Re: controlled randomness. Idea: AUX tables containing MTT or DEL commands say 90-98 for an enum of 8 note delays. Now you AUX 90 RAN08 in sequence to pick a random aux table with a note offset. All those tables would just be like DEL0C/HOP01 or some shit. Can also make more tables with timbres variations too this way, maybe? No idea if this will work but imma try it later.

This is fantastic. I really enjoy the deliberate pacing and methodical development and variation. I'm inspired.
4:47 SOMETGHING IS WRONG WITH YOUR ORGAN

Very cool 16 chords smile The progression is a journey. I was pulled in by the timing. Really interesting reading about what you were trying to do with M8 and the random delay. Sometimes I'l use a hop command and use the command that randomizes left to jump to differnt spots in the table to acheive that effect. It's good to randomize glitches, transpose notes/slices, and other things.

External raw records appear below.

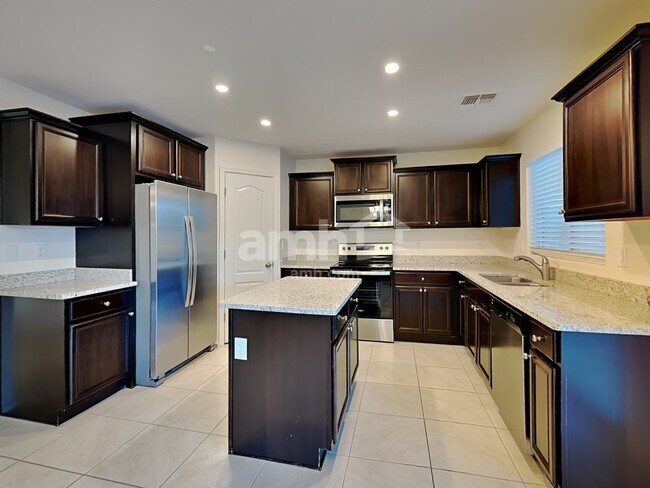 Foto del edificio - 3806 S 186th Dr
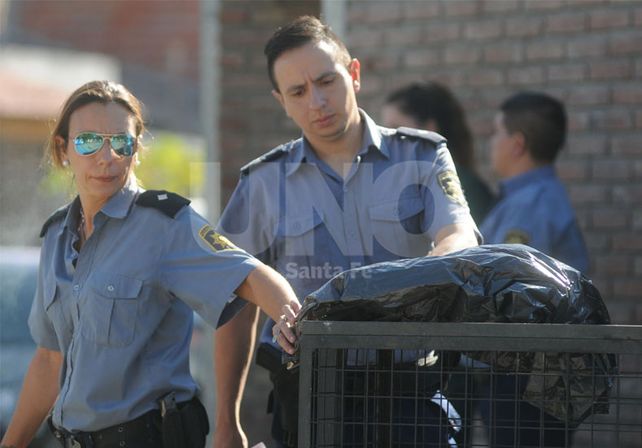 En un canasto. El personal policial constató el lamentable suceso  / Foto: José Busiemi - Uno Santa Fe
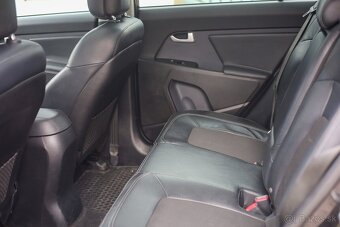 KIA Sportage 1.7 nafta - 9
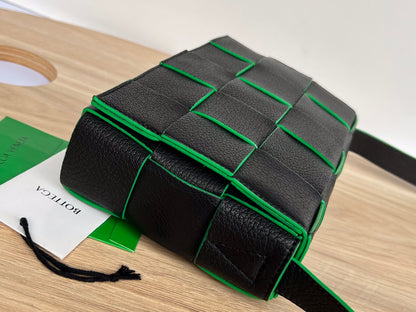 BV Cassette Bag Black And Green, For Women, Bags 9.1in/23cm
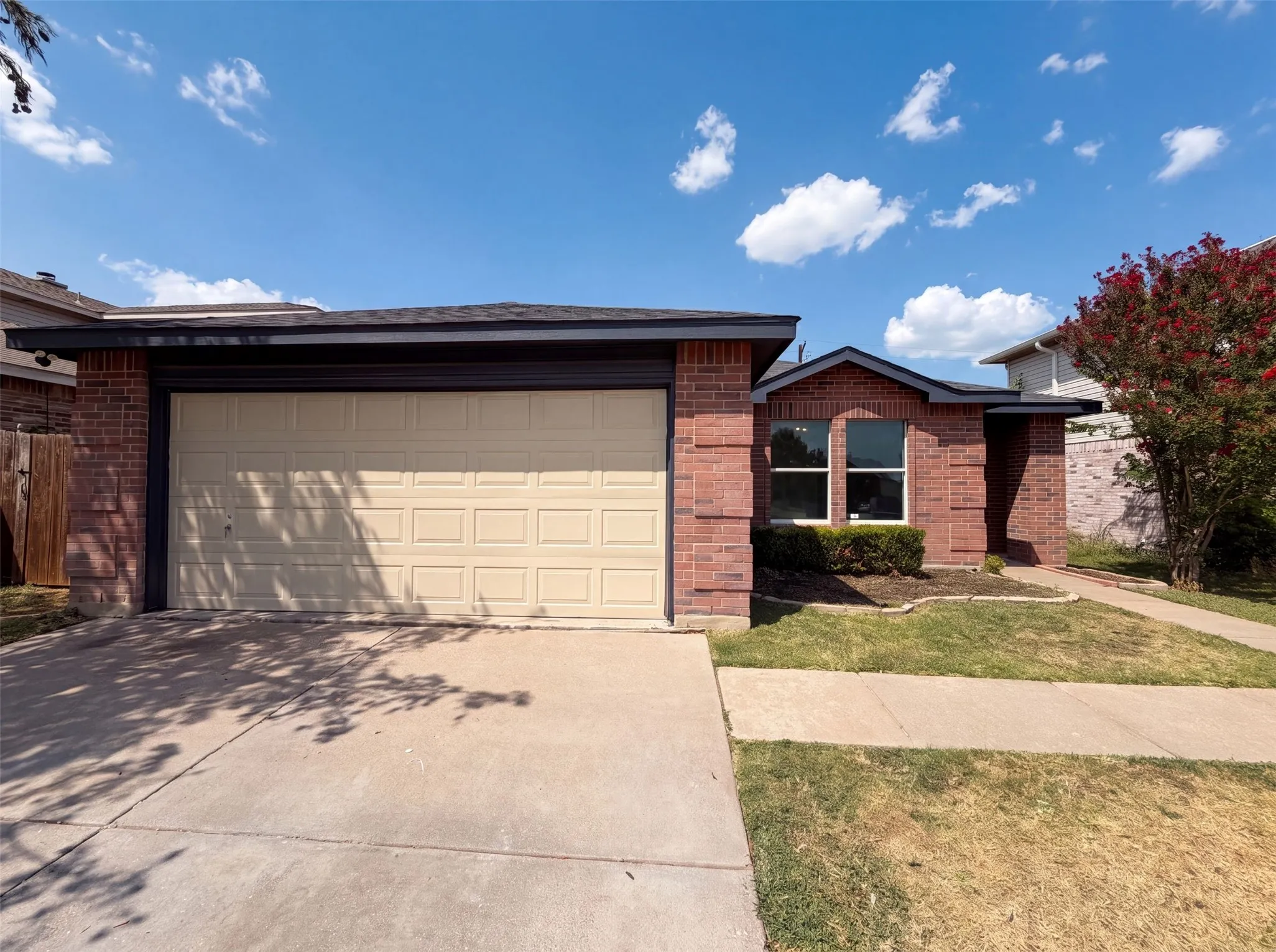 Single Family Residence For Sale in Tarrant County , 5244 New Castleton Lane, Fort Worth, Texas 76135, 3 Bedroom, 2 Bathroom, 2 Garage spaces, 1,462 Sqft, built in 2002, mls#21353810, Real Estate Agent in Fort Worth, Homes For Sale in Tarrant county, Homes For Sale in Fort Worth, Realtor in Fort Worth Texas, Real Estate Brokerage Independent Realty Texas, Luminita Cordes Realtor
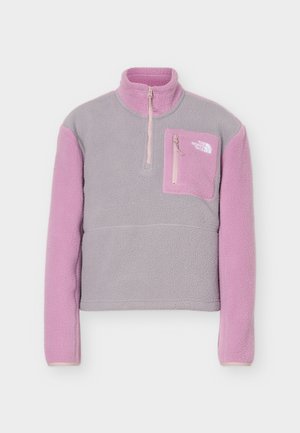 Hellvioletter und rosa Fleece-Pullover mit halbem Reißverschluss und einer mit "The North Face" gebrandeten Reißverschlusstasche auf der Brust.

Popping in here again to mention: started work on a music project outside of WB last week (it’s got a deadline hence no beat this week), had an idea for an opening and after listening to the Feb 1st submission heard the beginning of this again and realized I’ve got the idea pretty much directly from this, though the execution and the vibe is different. Tipping the hat and saying thanks, will share more after it’s all done and released.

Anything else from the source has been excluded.